- **Aim of the task**: Write out every line of the material as it stands, apart from the pictures.

- **Entries shown**:

>>>>>

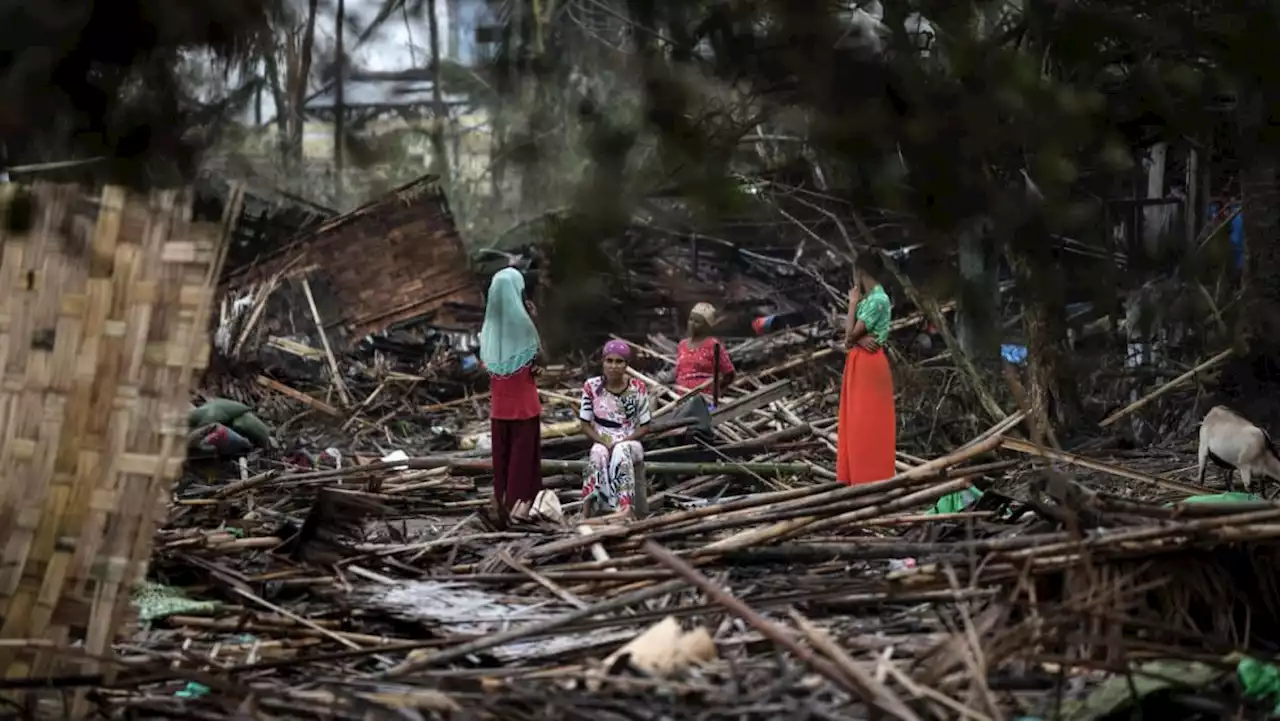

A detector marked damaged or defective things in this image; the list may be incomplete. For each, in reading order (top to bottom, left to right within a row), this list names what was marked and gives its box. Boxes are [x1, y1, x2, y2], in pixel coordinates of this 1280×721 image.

damaged wooden structure [0, 181, 235, 717]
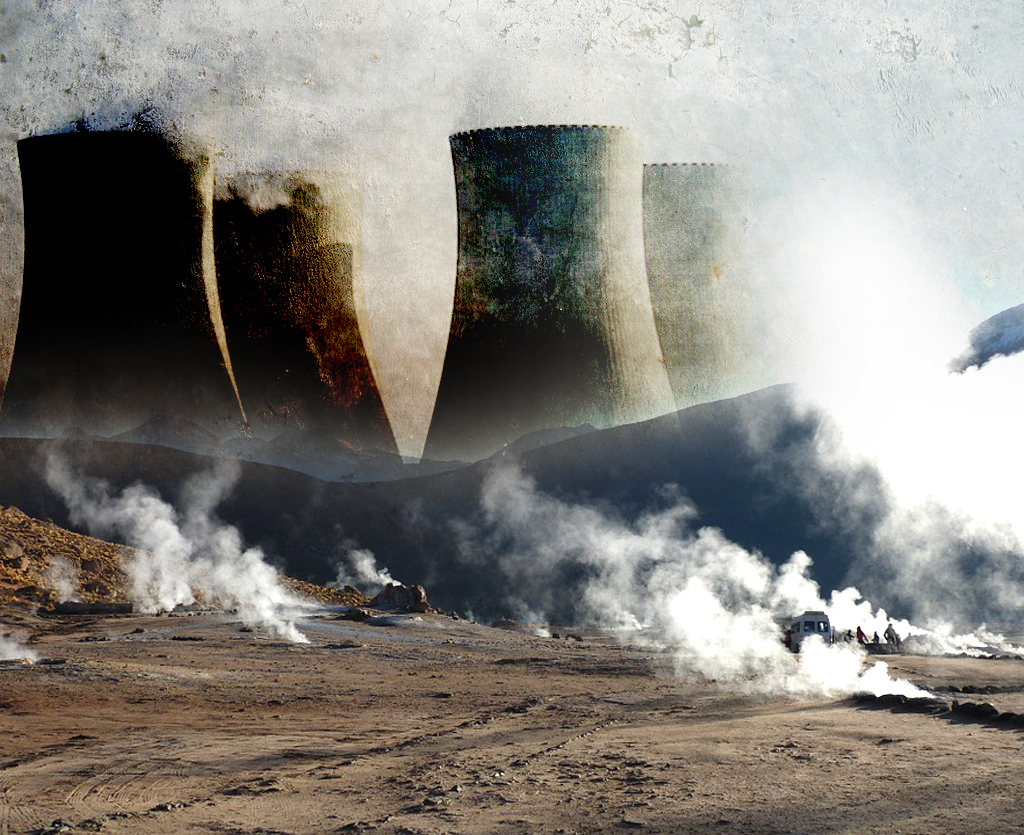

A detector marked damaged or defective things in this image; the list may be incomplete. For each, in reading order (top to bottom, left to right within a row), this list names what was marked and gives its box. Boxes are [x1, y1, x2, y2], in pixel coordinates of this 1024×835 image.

rust-stained tower [0, 131, 244, 438]
rust-stained tower [214, 172, 398, 454]
rust-stained tower [420, 125, 676, 464]
rust-stained tower [644, 162, 756, 408]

<<<<<

- **Result**:
A detector marked damaged or defective things in this image; the list may be incomplete. For each, in reading order (top to bottom, left to right within a row), this list names what was marked and gives its box. Boxes are [x1, y1, x2, y2], in pixel coordinates of this 1280×721 image.

damaged wooden structure [0, 181, 235, 717]

A detector marked damaged or defective things in this image; the list may be incomplete. For each, in reading order (top to bottom, left to right within a row), this list names what was marked and gives its box. Boxes are [x1, y1, x2, y2], in pixel coordinates of this 1024×835 image.

rust-stained tower [0, 131, 244, 438]
rust-stained tower [214, 172, 398, 454]
rust-stained tower [420, 125, 676, 464]
rust-stained tower [644, 162, 756, 408]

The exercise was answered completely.